Caption for Figures
Figure 1. CRISPR/Cas9 mechanism of action . The type II CRISPR system is armed with CRISPR-associated protein, Cas9, that has two distinct domains named HNH-nuclease and RuvC-like nuclease, which produce double-stranded breaks (DSBs) in DNA of interest. The trans-activating CRISPR RNA (tracrRNA) and crRNA combine and form a single-guided RNA (sgRNA), a 17-20 nucleotide sequence that binds to the target DNA. sgRNA has a PAM sequence after the 3′ end of its sequence, guiding the Cas9 protein to generate DSBs in desired DNA. Next, DSBs undergo two different mechanisms of repairs, homologous directed repair (HDR) suitable for knocking in a specific donor DNA in the target DNA, and the non-homologous end joining (NHEJ) ideal for knocking out the target DNA.
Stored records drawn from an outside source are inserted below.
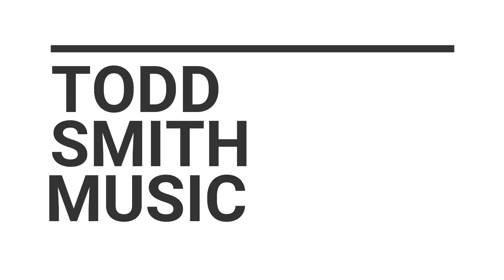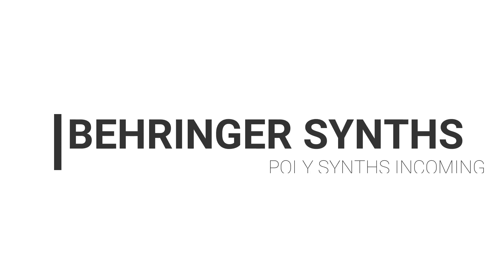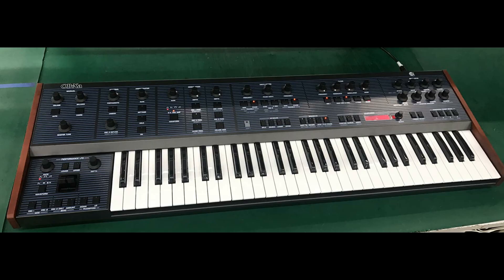Hey, what's up, this is Todd Smith. I'm back with another video. In this video I want to talk about Behringer and how the poly synthesizers are incoming. Many people have been complaining that it's just been way too many mono synths from Behringer and they have not focused enough on poly. I've been saying for a while that I feel this is very early in Behringer's synth life, and that the first couple years of this mono marathon we see will break at some point.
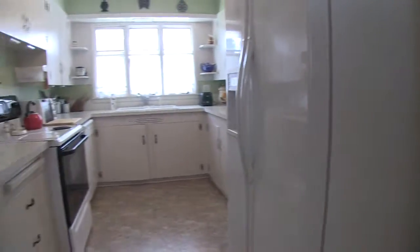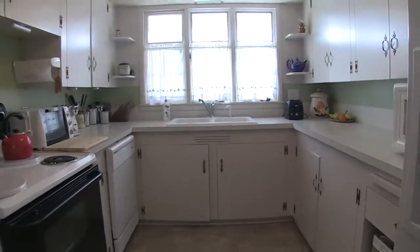Right behind there is another bathroom, and then there's a bonus room — great for crafts or anything else you might want to do.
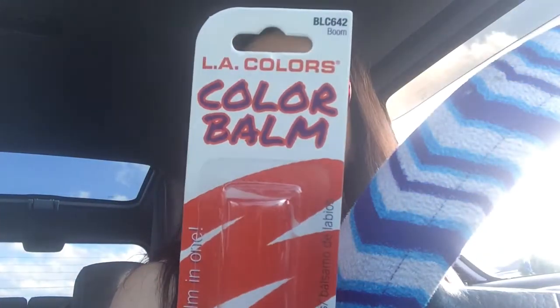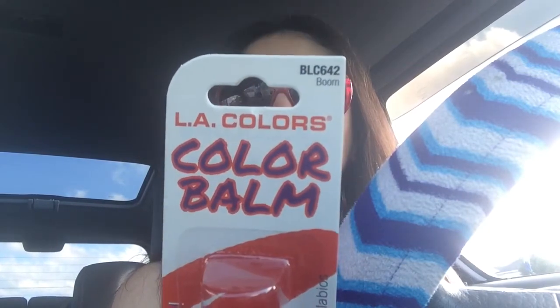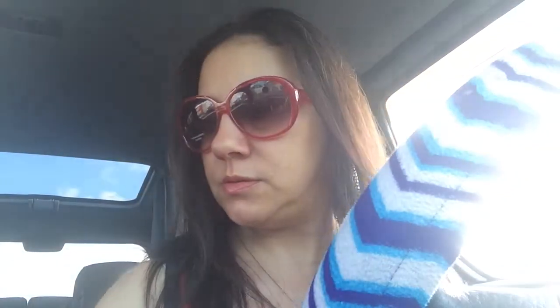This is another pair I got from the Dollar Tree. I love how thick the frame is. On my lips I also have the LA Colors Color Balm in the color Boom. I have another lip product layered on it from Avon because this one tends to dry out. If you like that lip balm, you can get it at the Dollar Tree, and my glasses are from the Dollar Tree too.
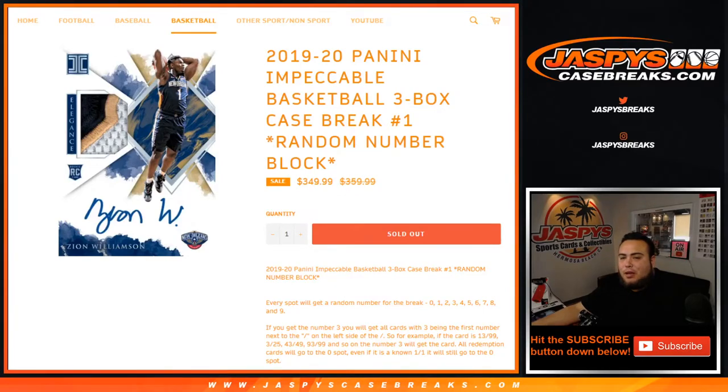What's up everybody, Jason here from JazBeesCaseBreaks.com. It's a new release day and it's a new release of 2019-20 Panini Impeccable Basketball.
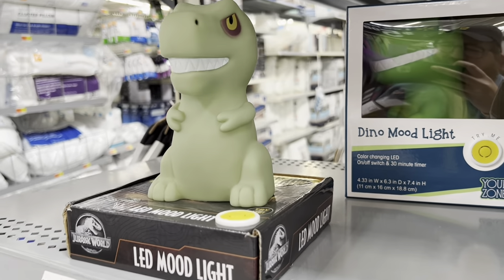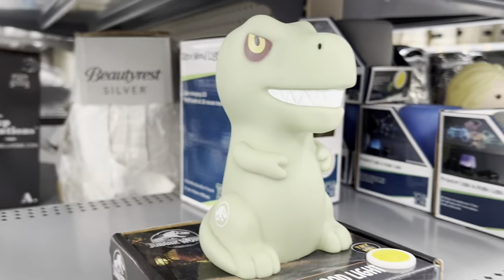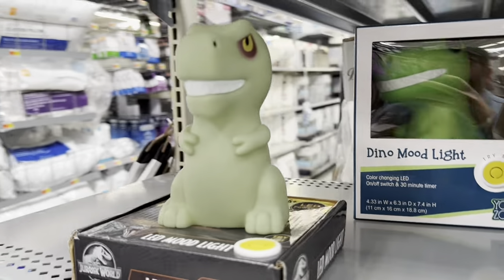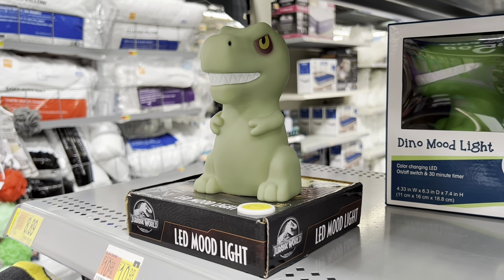Check out this mood light — look at that. I don't know what kind of mood this is, but it's interesting.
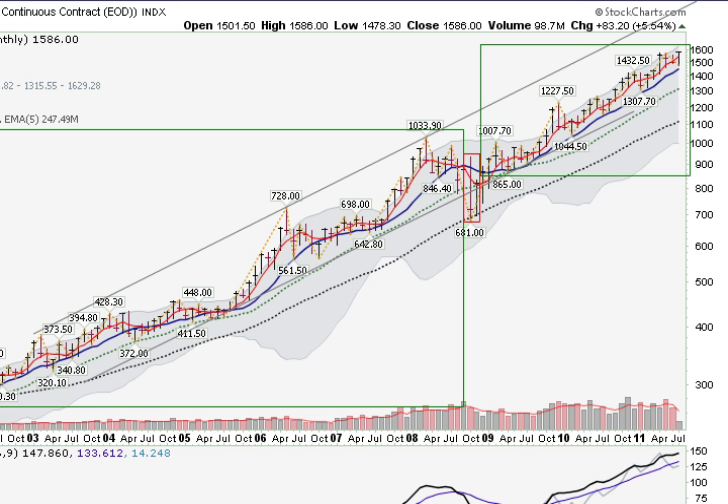Hi, I'm Mark Gordon with GoldenTicker.com on Wednesday, July 13, 2011, and gold hit a new high today, getting up to $1,586.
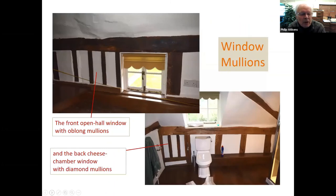Now windows. The front wall has oblong mullions in the open hall window — there are three original mullions. Why were they oblong? Why were so many houses in this part of Suffolk given oblong windows when the rest of the world had diamond mullion windows? In this case the cheese chamber back window has diamond mullions, but not the front one. Lots of houses in High Suffolk have a combination of both mullion types, and sometimes all oblong mullions. This goes right through from Joppins, the raised-aisle hall at Coddenham from the 1380s, right through to the late 16th century.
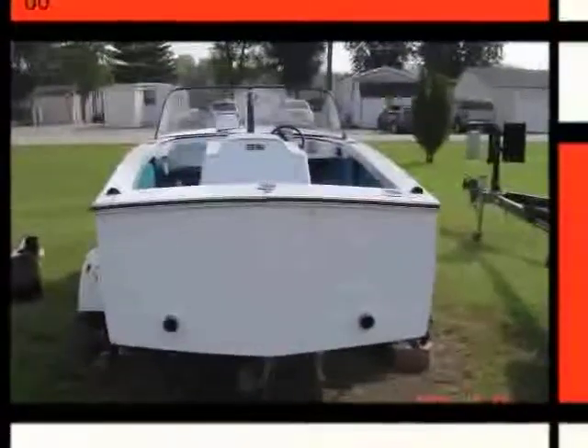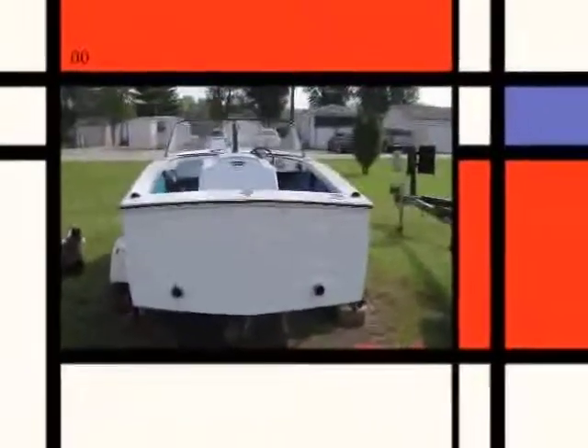The donor has stated the boat only goes in water once or twice a year. Please remember all statements are from the donor. We have not physically inspected the item and cannot verify running status. All items are sold as is, where is, with no guarantee.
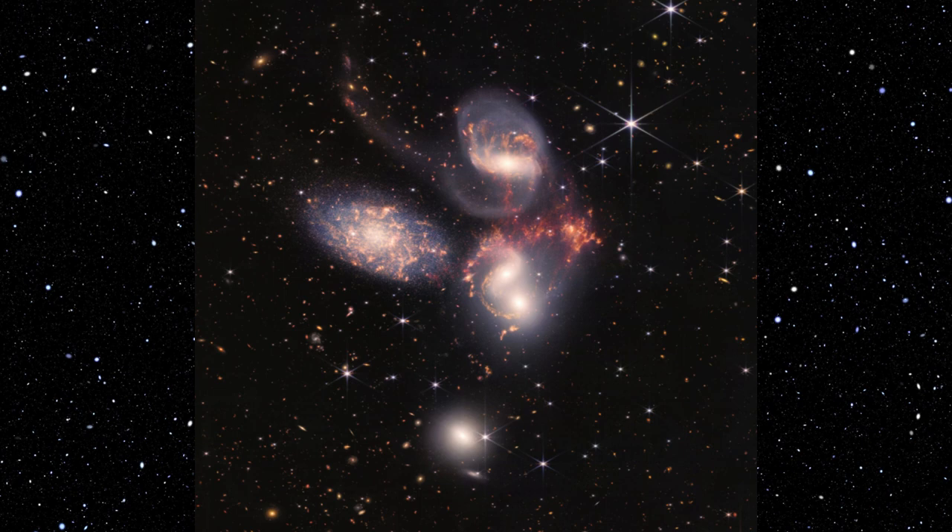Stephan's Quintet. Image of five galaxies that appear close to each other in the sky. Two in the middle, one toward the top, one to the upper left, and one toward the bottom. Four of the five appear to be touching, one is somewhat separated.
Figure 2. The general workflow for CRISPR Cas9-based CAR T-cell manufacturing . Peripheral blood mononuclear cells (PBMCs) obtain from the patient. Anticoagulants, red blood cells, and platelets contaminate the product would be removed in a washing step. Afterward, enrichment or depletion processes would be done for specific cell subsets. Next, T cells get activated by using different procedures, including monoclonal antibodies with interleukins (IL-2, IL-7, 1L-15), anti-CD3/CD28 antibody-coated magnetic beads, soluble CD3 antibody, artificial antigen-presenting cells (K562 cell lines), plate-bound antibody, and adhesion molecules (CD2). T cell activation pathways in cell culture media provide both the primary and co-stimulatory signals required to activate the desired T cells. In this stage, CAR transgene may be delivered into the activated T cells by different approaches, including viral (lentivirus and retrovirus) and non-viral (electroporation of naked DNA and transposon/transposase) methods or CRISPR/Cas9 system may be applied first into the T cells to target the gene of interest. Subsequently, the activated T cells undergo an expansion process for a certain period (depending on the methods of expansion, such as using static culture bags or dynamic culture vessels or rotating bioreactors). If CAR transgene first introduced into the T cells with no CRISPR/Cas9 transformation, (a), then the modified T-cells will be introduced with CRISPR/Cas9 components, (b), to target the DNA of interest in CAR T cells. There are different approaches to deliver CRISPR/Cas9: (I) transfection with DNA plasmid encoding both Cas9 protein and sgRNA, (II) the viral delivery using lentivirus and retrovirus, and non-integrating viruses such as adenovirus and adenovirus-associated virus (AAV), (III) transfection with mRNA that encodes Cas9 or separate sgRNA, and (IV) CRISPR delivery via Cas9 protein with guide RNA (ribonucleoprotein (RNP) complex). Finally, the prepared modified T-cells are calculated according to the patient’s condition and type of cancer, then ready to introduce the engineered T cells to the patient through IV injection or intratumoral administration.
Figure 3. Representation of CRISPR-edited CAR-T cell . CRISPR/Cas9 genome editing technology improved CAR-T cells performance in various ways, including targeting the Diacylglycerol kinases (DGKs) gene, and knocking out the TCR, HLA, and inhibitory receptors.